Conjurar Acteal

Ciudad de México /

Al bajar por la ladera, entre la maleza asoma tierra humedecida por el verde otoño en curso. Todavía se oye el clarín de algunos gallos. Sobre la puerta que nos recibe está la leyenda Bienveni@s a la tierra sagrada de los mártires de Acteal. Casa de la Memoria y Esperanza. Sede única de la Organización Sociedad Civil, Las Abejas de Acteal.

Voy con Águila y Conejo a una reunión. Junto al fogón mañanero bebemos café y comemos un plato de frijoles con tortillas mientras esperamos. En esa espera JAJ relata cómo le pasa el tiempo en espiral cuando filma este universo tzotzil en el que lleva medio siglo viviendo. Su cámara en mano es un arco dichoso y su mirada una flecha lenta, pienso.

Tras la cocina hay una construcción que es faro por fuera, biblioteca por dentro: Se llama Sna ubil xchi’uk smalael “Alonso Vázquez”. Sobre la meseta hay además una iglesia de fachada color blanquiazul atlántico en la cual emergen una virgen de Guadalupe y un Cristo coronado con espinas en la cabeza. (Águila, que ya ha venido antes, me susurra que detrás del templo está la ermita donde ocurrió todo).

Todo. Ninguno de nosotros pronuncia la palabra masacre estando aquí en el lugar donde ésta ocurrió, pero una tristeza espesa impregna cada porción del espacio y nuestra palpitación. El dolor de la palabra se siente, aunque el paisaje que despliega el horizonte es un verde hermoso, vital.

Ya en la reunión, la palabra masacre sale de las bocas de algunos sobrevivientes de aquel infausto 22 de diciembre de 1997. Sentados en un círculo en forma de cuadro dialogamos en un jacal donde cuelgan fotografías de mujeres de la comunidad de X’oyep protestando en los noventa contra el Ejército en Chenalhó. Se trata de una memoria que está viva porque las nuevas generaciones de Las Abejas aún resisten contra la deshumanización y la muerte mutantes pero vigentes.

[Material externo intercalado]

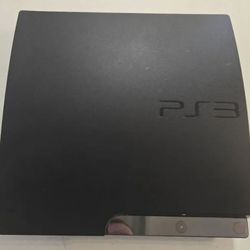 Sony Playstation 3 Model #: CECH-2501A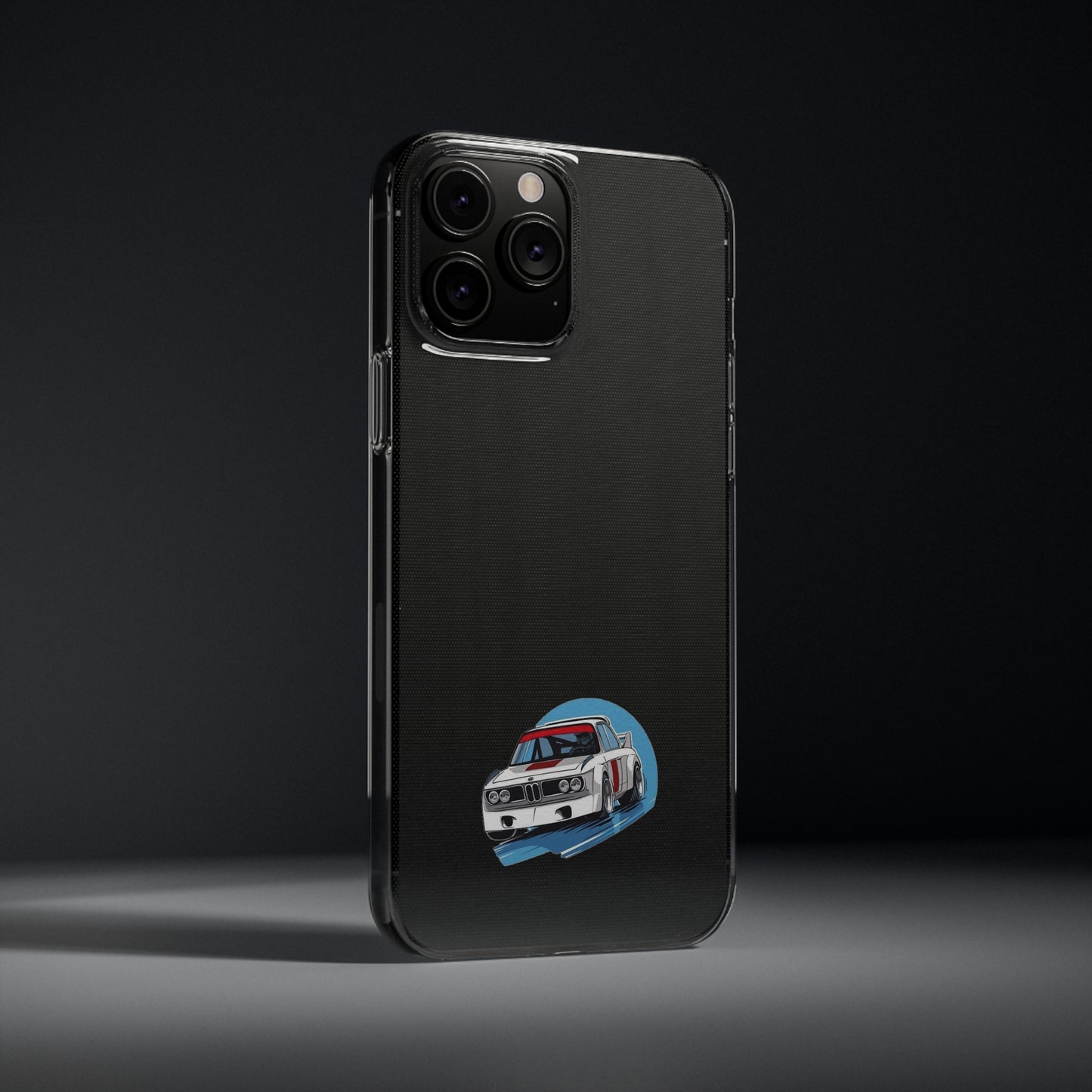 BMW Transparent iPhone Cases
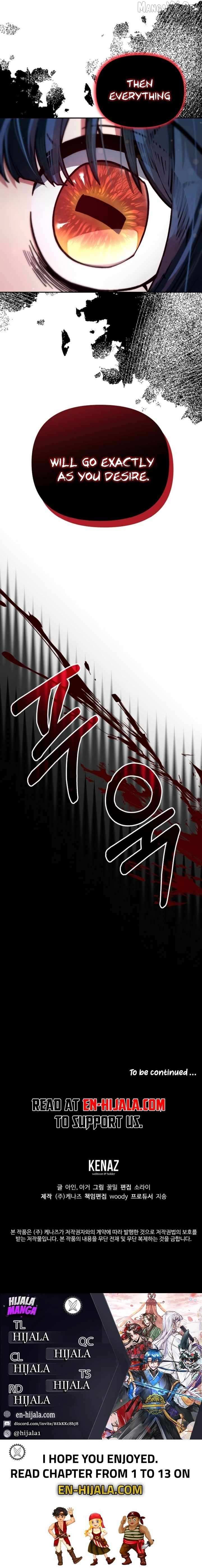 The Failed Hermit Doharang Chapter 8 page 17 -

Al pie del barranco donde también ocurrió todo fue levantado un auditorio detrás del cual se despliega la serranía. Con ese mar montañoso de fondo suelen reunirse comunidades tzotziles de Los Altos para seguir organizando su autonomía. Lo hacen rodeadas de cuarenta y cinco cruces blancas, siete que corresponden a hombres adultos, cuatro a niños, dieciséis a niñas y dieciocho a mujeres adultas, de las cuales cinco estaban embarazadas. Todas las víctimas oraban y ayunaban por la paz cuando fueron masacradas.

La crisis de violencia actual de Chiapas es cosecha de impunidades sembradas con esmero contrainsurgente como el de Acteal, anoto en la libreta, intentando darle algo de funcionalidad denunciante a mi estancia en esta tierra sagrada. ¿Ver las cruces pero, además, ver las montañas?, pregunto también en otra hoja, ahora buscando hallar algún sentido personal específico al desandar por aquí.

En pleno devaneo, apunto otra cosa importante que JAJ comenta: Los perpetradores de la masacre andan como si nada por estos lares, tras haber sido liberados hace más de diez años gracias a los buenos oficios judiciales del CIDE y de intelectuales de diversa calaña, entre los que destaca Hugo Eric Flores, uno de los líderes a bordo del barco de una transformación que a veces parece restauración.

Las Abejas no se rinden. Ahora esperan que la CIDH dé a conocer pronto su Informe de Fondo sobre el caso para que sean señalados por fin los autores intelectuales. La justicia verdadera está pendiente. El pasado aquí no pasa, porque para el gobierno es más fácil conmemorar las masacres que impedirlas o cometerlas.

Termina entonces nuestra visita a la Casa de la Memoria y Esperanza. Ya en San Cristóbal nos ponemos a girar en círculos, pero en un cuadro, como dice el conjuro de Manwela Kokoroch que Conejo encuentra en un libro enmascarado de poemas de Ámbar Past, intentando descifrar el enigma con el que nos hemos comprometido al ver y sentir la verde sangre mártir que florece en Acteal.